O colega Marcos Nogueira, do blog Cozinha Bruta, achou o tal ovo de 12 quilos um absurdo e expressou aqui na Folha toda sua indignação.

"É a elite jeca em seu universo paralelo perdulário, ostentativo, excludente e cafona. Da completa falta de sensibilidade ou qualquer vestígio de interesse pelo mundo lá fora."

Ovo de Páscoa pintado de dourado com desenho de flor
Ovo de Páscoa da confeiteira Isabella Suplicy, vendido a R$ 5.950 - Reprodução

O ovo de chocolate seria "aviltante" ainda mais considerando que "24% da população brasileira não têm comida suficiente em casa."

Meu passado de hippie da faculdade de humanas me faz concordar que luxo muitas vezes caminha bem perto da cafonice. Ainda não consigo evitar um leve preconceito até mesmo com quem sai por aí vestindo a camisa polo do jacaré.

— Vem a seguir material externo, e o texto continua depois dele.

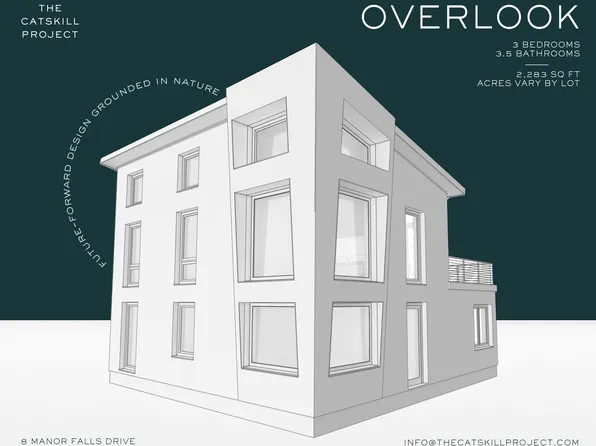 Overlook Plan, The Catskill Project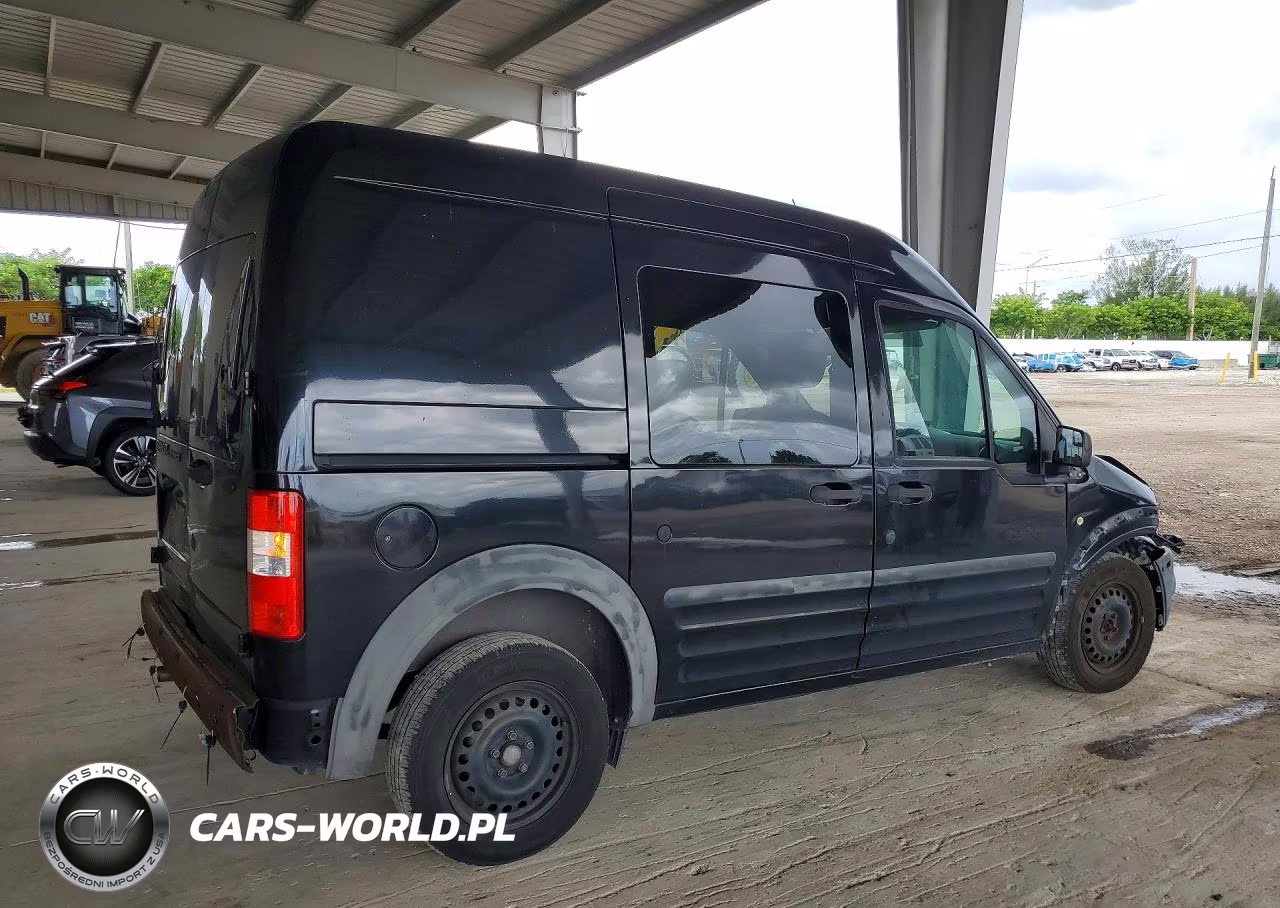 2013 Ford Transit Connect Xl VIN:NM0LS6AN7DT133618 - 3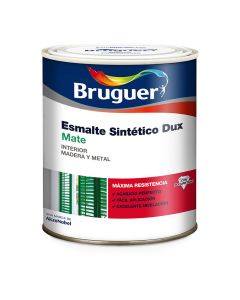 Dux mate blanco 0,75l bruguer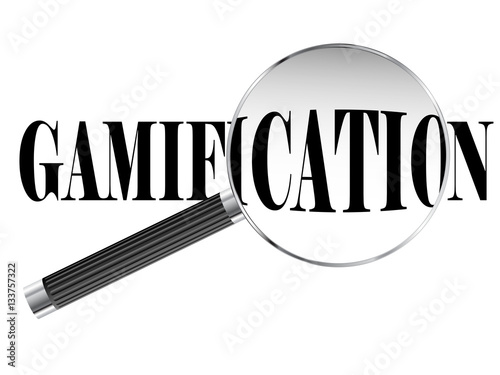 Gamification Magnifying Glass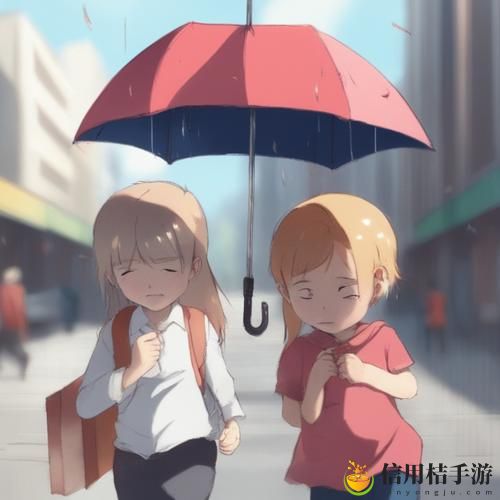 宝贝今天可不可以不带小雨伞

Mas discordo que gastar com luxo seja excludente ou aviltante.

As críticas contra artigos caríssimos parecem subentender que o dinheiro, depois de gasto, desaparece. Daí a ideia de desperdício justamente enquanto tantos passam fome.

Mas o dinheiro não desaparece. Do bolso do consumidor, ele se espalha entre vendedores, confeiteiros, produtores de ingredientes selecionados, assistentes de cozinha, gerentes de redes sociais, escolas de confeitaria e seus professores.

A confeitaria de Isabela Suplicy gera relativamente mais empregos –e empregos mais bem pagos– do que as marcas de chocolate popular. Quem gasta fortunas com ela, e não com a Lacta ou a Garoto, fortalece uma cadeia produtiva mais qualificada e remunerada.

O luxo, na verdade, é um modo de convencer os ricos a desconcentrar voluntariamente seu patrimônio.

"Em vez de pagar R$ 600 por um ovo de 12 quilos, que tal se você me der R$ 5 mil?" Quem se preocupa com a desigualdade deveria ver com bons olhos quando milionários pagam R$ 200 no que gente comum compra por R$ 20.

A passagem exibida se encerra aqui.